DATASET –

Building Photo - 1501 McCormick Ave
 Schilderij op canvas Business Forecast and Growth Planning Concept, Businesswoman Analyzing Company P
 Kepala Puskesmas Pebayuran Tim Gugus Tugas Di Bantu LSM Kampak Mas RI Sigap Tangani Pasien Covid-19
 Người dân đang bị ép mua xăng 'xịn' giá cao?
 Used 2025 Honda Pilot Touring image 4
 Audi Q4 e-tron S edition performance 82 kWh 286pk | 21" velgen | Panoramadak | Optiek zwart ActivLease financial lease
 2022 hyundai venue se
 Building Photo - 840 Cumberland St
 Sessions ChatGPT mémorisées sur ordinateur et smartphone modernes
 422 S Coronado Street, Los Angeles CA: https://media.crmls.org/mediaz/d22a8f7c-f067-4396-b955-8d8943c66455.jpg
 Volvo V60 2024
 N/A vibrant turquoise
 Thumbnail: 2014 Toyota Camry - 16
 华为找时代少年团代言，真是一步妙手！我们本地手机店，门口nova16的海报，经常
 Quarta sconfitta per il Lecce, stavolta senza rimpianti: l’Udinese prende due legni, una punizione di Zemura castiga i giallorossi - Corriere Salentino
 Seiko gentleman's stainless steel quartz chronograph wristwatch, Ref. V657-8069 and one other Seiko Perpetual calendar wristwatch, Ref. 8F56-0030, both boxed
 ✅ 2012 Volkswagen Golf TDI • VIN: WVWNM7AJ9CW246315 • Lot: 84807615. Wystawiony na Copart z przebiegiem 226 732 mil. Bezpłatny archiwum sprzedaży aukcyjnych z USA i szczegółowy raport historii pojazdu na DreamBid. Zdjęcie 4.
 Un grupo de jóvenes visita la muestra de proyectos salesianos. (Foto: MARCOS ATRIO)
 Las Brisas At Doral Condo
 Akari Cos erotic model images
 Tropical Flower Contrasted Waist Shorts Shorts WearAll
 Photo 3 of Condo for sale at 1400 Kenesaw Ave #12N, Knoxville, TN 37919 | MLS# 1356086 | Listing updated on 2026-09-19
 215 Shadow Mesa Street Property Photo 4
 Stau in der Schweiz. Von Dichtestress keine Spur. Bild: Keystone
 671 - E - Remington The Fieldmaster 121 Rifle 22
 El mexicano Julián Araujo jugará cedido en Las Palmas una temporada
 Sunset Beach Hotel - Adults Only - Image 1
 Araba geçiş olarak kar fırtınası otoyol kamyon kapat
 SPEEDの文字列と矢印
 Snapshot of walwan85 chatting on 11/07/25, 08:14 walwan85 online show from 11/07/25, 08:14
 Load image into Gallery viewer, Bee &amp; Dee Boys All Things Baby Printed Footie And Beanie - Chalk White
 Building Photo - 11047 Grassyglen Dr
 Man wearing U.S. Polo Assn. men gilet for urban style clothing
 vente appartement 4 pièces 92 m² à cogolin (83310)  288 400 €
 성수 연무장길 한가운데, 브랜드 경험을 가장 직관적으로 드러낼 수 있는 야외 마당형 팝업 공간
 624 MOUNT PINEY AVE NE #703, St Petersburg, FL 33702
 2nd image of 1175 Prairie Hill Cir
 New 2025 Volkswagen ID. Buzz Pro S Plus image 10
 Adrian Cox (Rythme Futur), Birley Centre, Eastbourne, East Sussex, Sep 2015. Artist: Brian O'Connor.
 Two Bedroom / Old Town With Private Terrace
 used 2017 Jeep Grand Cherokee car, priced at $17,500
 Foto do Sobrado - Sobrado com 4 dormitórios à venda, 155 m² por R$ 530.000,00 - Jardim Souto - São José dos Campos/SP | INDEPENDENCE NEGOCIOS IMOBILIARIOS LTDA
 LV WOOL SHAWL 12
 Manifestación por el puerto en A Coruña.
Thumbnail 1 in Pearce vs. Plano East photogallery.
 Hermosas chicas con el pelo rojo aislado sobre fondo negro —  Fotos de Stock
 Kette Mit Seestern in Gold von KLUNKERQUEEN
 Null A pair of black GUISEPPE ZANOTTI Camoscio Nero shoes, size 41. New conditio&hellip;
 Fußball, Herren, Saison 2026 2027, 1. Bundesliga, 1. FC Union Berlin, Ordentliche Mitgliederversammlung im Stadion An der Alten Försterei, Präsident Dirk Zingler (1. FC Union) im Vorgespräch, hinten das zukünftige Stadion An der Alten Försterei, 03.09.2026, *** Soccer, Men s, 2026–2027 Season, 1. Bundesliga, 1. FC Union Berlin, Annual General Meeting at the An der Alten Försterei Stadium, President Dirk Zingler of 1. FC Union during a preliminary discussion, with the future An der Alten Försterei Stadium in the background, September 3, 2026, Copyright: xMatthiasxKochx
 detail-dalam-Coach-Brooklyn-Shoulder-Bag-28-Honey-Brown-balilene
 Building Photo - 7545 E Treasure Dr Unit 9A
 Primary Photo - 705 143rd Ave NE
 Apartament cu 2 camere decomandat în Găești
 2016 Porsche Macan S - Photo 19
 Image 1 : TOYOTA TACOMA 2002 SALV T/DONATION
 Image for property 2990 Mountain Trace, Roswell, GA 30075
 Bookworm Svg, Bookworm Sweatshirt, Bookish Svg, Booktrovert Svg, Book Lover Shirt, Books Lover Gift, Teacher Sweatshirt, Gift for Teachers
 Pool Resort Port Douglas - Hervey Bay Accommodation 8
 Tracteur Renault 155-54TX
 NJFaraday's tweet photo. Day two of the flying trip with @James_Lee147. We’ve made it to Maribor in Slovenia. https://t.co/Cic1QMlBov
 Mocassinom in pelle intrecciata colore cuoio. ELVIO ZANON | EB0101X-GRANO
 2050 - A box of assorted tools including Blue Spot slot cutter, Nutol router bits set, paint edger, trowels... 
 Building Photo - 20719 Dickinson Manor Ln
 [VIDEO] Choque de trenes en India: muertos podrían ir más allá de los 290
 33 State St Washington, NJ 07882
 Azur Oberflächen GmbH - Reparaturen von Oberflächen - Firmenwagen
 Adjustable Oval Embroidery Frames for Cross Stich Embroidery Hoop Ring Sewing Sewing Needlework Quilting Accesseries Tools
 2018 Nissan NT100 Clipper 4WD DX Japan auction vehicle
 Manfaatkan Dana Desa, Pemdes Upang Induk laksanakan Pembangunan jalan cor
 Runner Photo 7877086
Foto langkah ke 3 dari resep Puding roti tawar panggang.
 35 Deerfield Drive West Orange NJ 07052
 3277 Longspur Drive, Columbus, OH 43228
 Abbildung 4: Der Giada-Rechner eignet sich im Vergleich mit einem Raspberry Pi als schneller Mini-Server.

WHAT THE TASK ASKS – Could you type out every entry again exactly as it stands?

EXERCISE RESPONSE –
Building Photo - 1501 McCormick Ave
 Schilderij op canvas Business Forecast and Growth Planning Concept, Businesswoman Analyzing Company P
 Kepala Puskesmas Pebayuran Tim Gugus Tugas Di Bantu LSM Kampak Mas RI Sigap Tangani Pasien Covid-19
 Người dân đang bị ép mua xăng 'xịn' giá cao?
 Used 2025 Honda Pilot Touring image 4
 Audi Q4 e-tron S edition performance 82 kWh 286pk | 21" velgen | Panoramadak | Optiek zwart ActivLease financial lease
 2022 hyundai venue se
 Building Photo - 840 Cumberland St
 Sessions ChatGPT mémorisées sur ordinateur et smartphone modernes
 422 S Coronado Street, Los Angeles CA: https://media.crmls.org/mediaz/d22a8f7c-f067-4396-b955-8d8943c66455.jpg
 Volvo V60 2024
 N/A vibrant turquoise
 Thumbnail: 2014 Toyota Camry - 16
 华为找时代少年团代言，真是一步妙手！我们本地手机店，门口nova16的海报，经常
 Quarta sconfitta per il Lecce, stavolta senza rimpianti: l’Udinese prende due legni, una punizione di Zemura castiga i giallorossi - Corriere Salentino
 Seiko gentleman's stainless steel quartz chronograph wristwatch, Ref. V657-8069 and one other Seiko Perpetual calendar wristwatch, Ref. 8F56-0030, both boxed
 ✅ 2012 Volkswagen Golf TDI • VIN: WVWNM7AJ9CW246315 • Lot: 84807615. Wystawiony na Copart z przebiegiem 226 732 mil. Bezpłatny archiwum sprzedaży aukcyjnych z USA i szczegółowy raport historii pojazdu na DreamBid. Zdjęcie 4.
 Un grupo de jóvenes visita la muestra de proyectos salesianos. (Foto: MARCOS ATRIO)
 Las Brisas At Doral Condo
 Akari Cos erotic model images
 Tropical Flower Contrasted Waist Shorts Shorts WearAll
 Photo 3 of Condo for sale at 1400 Kenesaw Ave #12N, Knoxville, TN 37919 | MLS# 1356086 | Listing updated on 2026-09-19
 215 Shadow Mesa Street Property Photo 4
 Stau in der Schweiz. Von Dichtestress keine Spur. Bild: Keystone
 671 - E - Remington The Fieldmaster 121 Rifle 22
 El mexicano Julián Araujo jugará cedido en Las Palmas una temporada
 Sunset Beach Hotel - Adults Only - Image 1
 Araba geçiş olarak kar fırtınası otoyol kamyon kapat
 SPEEDの文字列と矢印
 Snapshot of walwan85 chatting on 11/07/25, 08:14 walwan85 online show from 11/07/25, 08:14
 Load image into Gallery viewer, Bee &amp; Dee Boys All Things Baby Printed Footie And Beanie - Chalk White
 Building Photo - 11047 Grassyglen Dr
 Man wearing U.S. Polo Assn. men gilet for urban style clothing
 vente appartement 4 pièces 92 m² à cogolin (83310)  288 400 €
 성수 연무장길 한가운데, 브랜드 경험을 가장 직관적으로 드러낼 수 있는 야외 마당형 팝업 공간
 624 MOUNT PINEY AVE NE #703, St Petersburg, FL 33702
 2nd image of 1175 Prairie Hill Cir
 New 2025 Volkswagen ID. Buzz Pro S Plus image 10
 Adrian Cox (Rythme Futur), Birley Centre, Eastbourne, East Sussex, Sep 2015. Artist: Brian O'Connor.
 Two Bedroom / Old Town With Private Terrace
 used 2017 Jeep Grand Cherokee car, priced at $17,500
 Foto do Sobrado - Sobrado com 4 dormitórios à venda, 155 m² por R$ 530.000,00 - Jardim Souto - São José dos Campos/SP | INDEPENDENCE NEGOCIOS IMOBILIARIOS LTDA
 LV WOOL SHAWL 12
 Manifestación por el puerto en A Coruña.
Thumbnail 1 in Pearce vs. Plano East photogallery.
 Hermosas chicas con el pelo rojo aislado sobre fondo negro —  Fotos de Stock
 Kette Mit Seestern in Gold von KLUNKERQUEEN
 Null A pair of black GUISEPPE ZANOTTI Camoscio Nero shoes, size 41. New conditio&hellip;
 Fußball, Herren, Saison 2026 2027, 1. Bundesliga, 1. FC Union Berlin, Ordentliche Mitgliederversammlung im Stadion An der Alten Försterei, Präsident Dirk Zingler (1. FC Union) im Vorgespräch, hinten das zukünftige Stadion An der Alten Försterei, 03.09.2026, *** Soccer, Men s, 2026–2027 Season, 1. Bundesliga, 1. FC Union Berlin, Annual General Meeting at the An der Alten Försterei Stadium, President Dirk Zingler of 1. FC Union during a preliminary discussion, with the future An der Alten Försterei Stadium in the background, September 3, 2026, Copyright: xMatthiasxKochx
 detail-dalam-Coach-Brooklyn-Shoulder-Bag-28-Honey-Brown-balilene
 Building Photo - 7545 E Treasure Dr Unit 9A
 Primary Photo - 705 143rd Ave NE
 Apartament cu 2 camere decomandat în Găești
 2016 Porsche Macan S - Photo 19
 Image 1 : TOYOTA TACOMA 2002 SALV T/DONATION
 Image for property 2990 Mountain Trace, Roswell, GA 30075
 Bookworm Svg, Bookworm Sweatshirt, Bookish Svg, Booktrovert Svg, Book Lover Shirt, Books Lover Gift, Teacher Sweatshirt, Gift for Teachers
 Pool Resort Port Douglas - Hervey Bay Accommodation 8
 Tracteur Renault 155-54TX
 NJFaraday's tweet photo. Day two of the flying trip with @James_Lee147. We’ve made it to Maribor in Slovenia. https://t.co/Cic1QMlBov
 Mocassinom in pelle intrecciata colore cuoio. ELVIO ZANON | EB0101X-GRANO
 2050 - A box of assorted tools including Blue Spot slot cutter, Nutol router bits set, paint edger, trowels... 
 Building Photo - 20719 Dickinson Manor Ln
 [VIDEO] Choque de trenes en India: muertos podrían ir más allá de los 290
 33 State St Washington, NJ 07882
 Azur Oberflächen GmbH - Reparaturen von Oberflächen - Firmenwagen
 Adjustable Oval Embroidery Frames for Cross Stich Embroidery Hoop Ring Sewing Sewing Needlework Quilting Accesseries Tools
 2018 Nissan NT100 Clipper 4WD DX Japan auction vehicle
 Manfaatkan Dana Desa, Pemdes Upang Induk laksanakan Pembangunan jalan cor
 Runner Photo 7877086
Foto langkah ke 3 dari resep Puding roti tawar panggang.
 35 Deerfield Drive West Orange NJ 07052
 3277 Longspur Drive, Columbus, OH 43228
 Abbildung 4: Der Giada-Rechner eignet sich im Vergleich mit einem Raspberry Pi als schneller Mini-Server.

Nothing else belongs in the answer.